Aos 6 meses de Gravidez, eu já havia comprado quase tudo, e já havia decidido o nome do bebê. Descobrimos que era outro menino. Théo, seria o nome dele. Nossa, ouvi tanta critica por ser um nome pequeno, "que nome estranho" ouvi, mas o significado do nome era gigantesco. Mas, quando escolhi Théo, queria fazer uma homenagem ao DEUS que me criou, que havia permitido outra gravidez, que havia permitido eu gerar novamente mesmo depois de tanto tempo. E o Théo estava crescendo a data dia, e eu sonhava com ele. Um dia, após uma briga feia que tive com meu sogro, minha pressão subiu muito, e um sobrinho meu querido me chamou pra um culto no lar, na casa dele. Chegando lá, o Pastor ao pegar na minha mão, me deu a paz, mas ficou quieto. Me pus de joelhos e orei ao Senhor. O Final do culto, o pastor disse que havia visto uma mão linda, perfeita, descendo do céu, e pegando uma rosa branca num belo jardim, e levando para o céu novamente. Quando ouvi, pensei, sou eu. Eu vou morrer. E agora.... Meu marido ficará sozinho com um bebê pequeno, a ser criado sem a mãe, como ele vai fazer. E meu outro filho, só tinha 15 anos, já sem mãe. Eu tinha a certeza que o Senhor haveria de me levar. Orei muito.

As Brigas

Depois da gravidez, a minha vida e idéias mudaram muito. Um dos meus maiores enjoos, era meu sogro. Até a voz dele me irritava profundamente. Eu comecei a ficar mais tempo no meu serviço do que na minha própria casa. Parecia que era pura implicância de gravida, mas ele fazia questão de me provocar. Foi uma das partes mais difíceis da minha gravidez.
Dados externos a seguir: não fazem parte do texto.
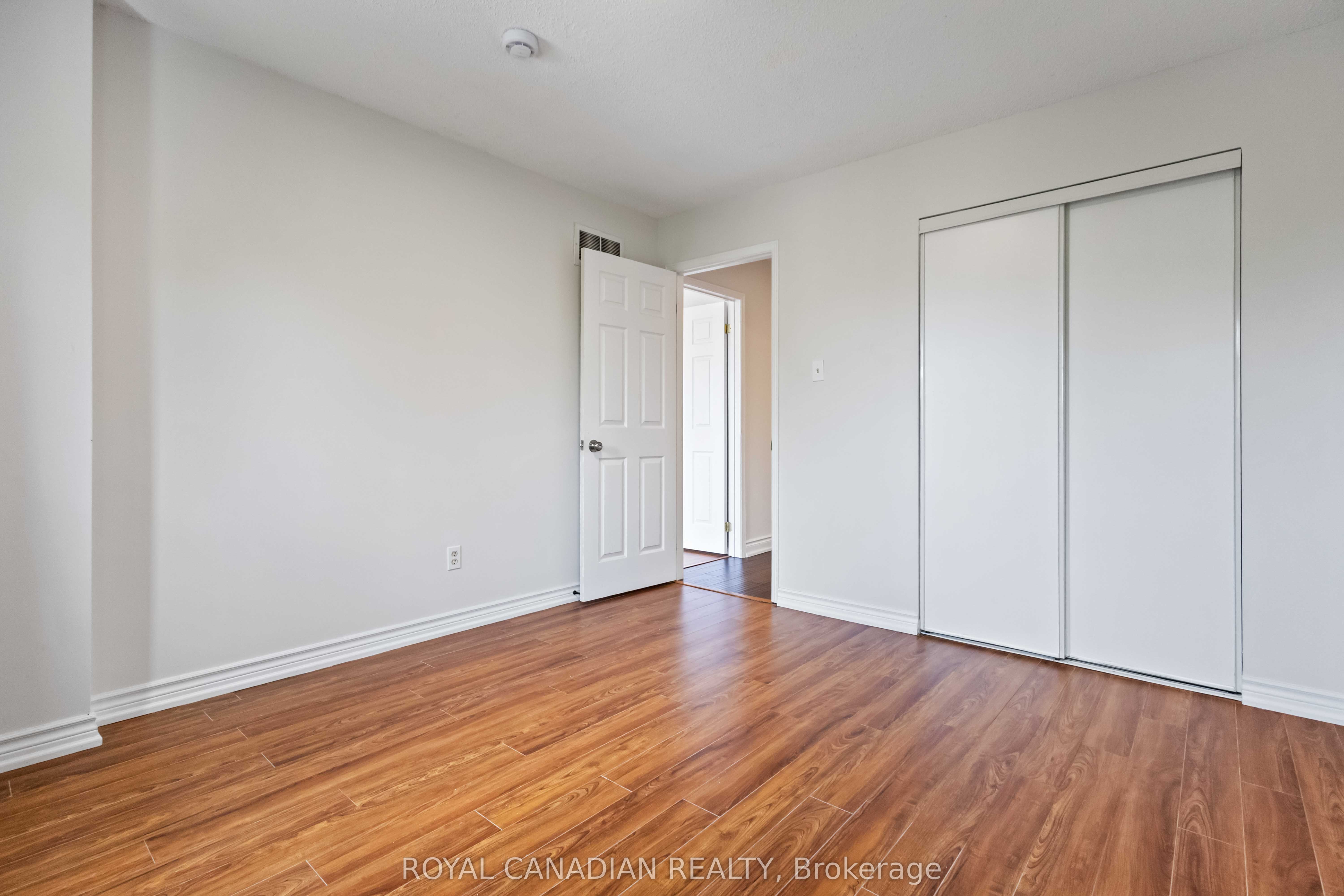 MLS #N12402050 image #25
Eu tinha uma vida tão boa, e de repente, havia duas pessoas dentro da minha própria casa, que faziam de tudo pra me provocar, eu com uma gravidez de risco, com uma pressão que variava entre 140x90 a 180x110. Chorava todos os dias, chorei muito em baixo do chuveiro pra ninguém ver. Meu esposo fazia tudo que eu pedia, afinal de contas, era um bebê tão esperado, havia nos revigorado como casal, e ao mesmo tempo estava sendo tão difícil pra mim aquela situação. Ele fica entre a cruz e a espada, pois enquanto por um lado era muita felicidade, pela gravidez, por outro lado, era bastante ruim, ele vendo o próprio pai e sobrinha, fazendo de tudo pra me irritar. Meu filho mais velho, vendo tudo isso, cada dia se revoltava mais e mais. Enfim, uma situação totalmente fora de controle. Minha vontade era sumir. Eu só me sentia bem no meu trabalho. O Bebê a cada dia crescendo, ele mexia muito e eu conversava muito com ele. Mas, em casa, a tristeza tomava conta de mim. Eu não conseguia ficar feliz.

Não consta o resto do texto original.